Introduction
Modern High Performance Systems are highly parallel, and almost every non-trivial program in existence uses some form of non-sequential execution. If you are not writing parallel progrms then you are not unlocking the full potential of your hardware system, this has been true since the early 2000s when increasing clock speed plateaued and hardware vendors started putting more cores into their CPUs. At the same time modern C++1 has become the standard programming language to program these systems and in coming years standard C++ will also be used to program them as well (unlike CUDA, OpenCL which use a seperate kernel language which must be compiled with a device compiler2). How prevelent C++ is in modern HPC ecosystem is evident from the fact that almost all deep learning frameworks, high performance runtime systems, compilers, etc are implemented in modern C++. Standard Parallelism support in modern C++ is called stdpar3, or PSTL (Parallel STL). The goal of this blog post is to introduce parallel programming in C++, and how modern C++ features are helping make it easier for engineers to build performant systems on top of them. This blog post is mainly about two things, PSTL (also known as stdpar) and SYCL (an alternative to CUDA/HIP), later parts of the blog will also look into other C++ solutions such as C++23 std::simd, std::execution (also known as senders-recivers), Kokkos and HPX, oneTBB, and taskflow.
C++, STL and stdpar
STL or Standard Template Library is the main standard library for C++ filled with useful, battle tested reuseable algorithms and data structures. A C++ user writes their program using STL as the building block of their system. This allows for code reuse and friction-less development. stdpar which is now known as PSTL is the parallel implementation of some of the algorithms in the C++ STL which allows users to compose their programs using parallel builing blocks if they wish to choose it (the default is sequential). PSTL’s support in two most used C++ compilers clang and gcc is merky where gcc supports PSTL via intel oneTBB and clang only has experimental support for PSTL4.
Host vs Device
stdpar in Host compilers
stdpar in Device compilers
SYCL and C++
nvc++ stdpar
AdaptiveCpp stdpar and device offloading
intel oneDPL stdpar and dpc++
Data Parallel Programming with C++ std::simd
In C++26, the standard has introduced support for vector types using std::simd5, which you can also use under the experimental namespace (although there are some differences between them). Kokkos library also has experimental support for std::simd as well.

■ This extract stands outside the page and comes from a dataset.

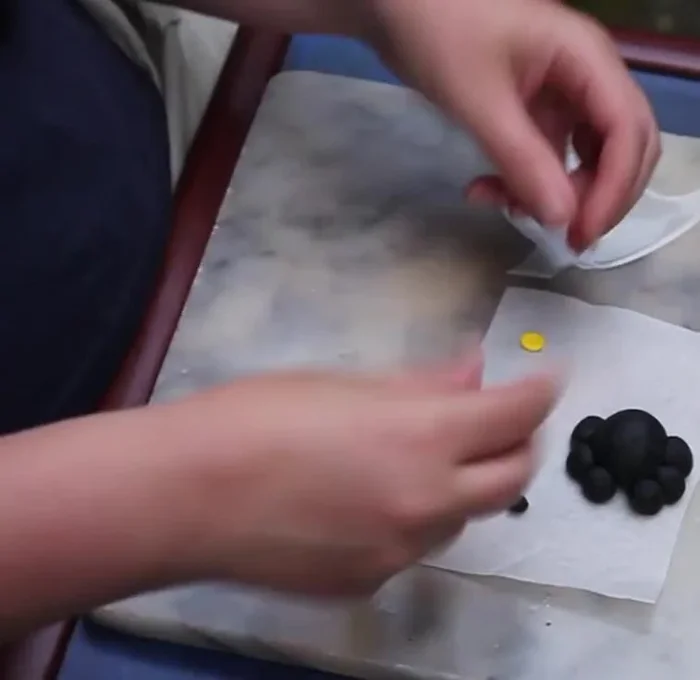 Roll out a thin sausage of black clay and cut two small pieces for the pupils. Attach to the eyes.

#include <experimental/simd>
#include <vector>
#include <cstddef>
namespace stdx = std::experimental;
void vaddf(float *a,float *b,float *c, std::size_t size) {
using simd_t = stdx::native_simd<float>;
std::size_t width = simd_t::size();
std::size_t i = 0;
for (; i + width < size; i += width) {
simd_t va(a + i, stdx::element_aligned); // load
simd_t vb(b + i, stdx::element_aligned); // load
simd_t vr = va + vb; // vector add
vr.copy_to(c + i, stdx::element_aligned) // store
}
// residual elements
for (; i < size; i++) {
c[i] = a[i] + b[i];
}
}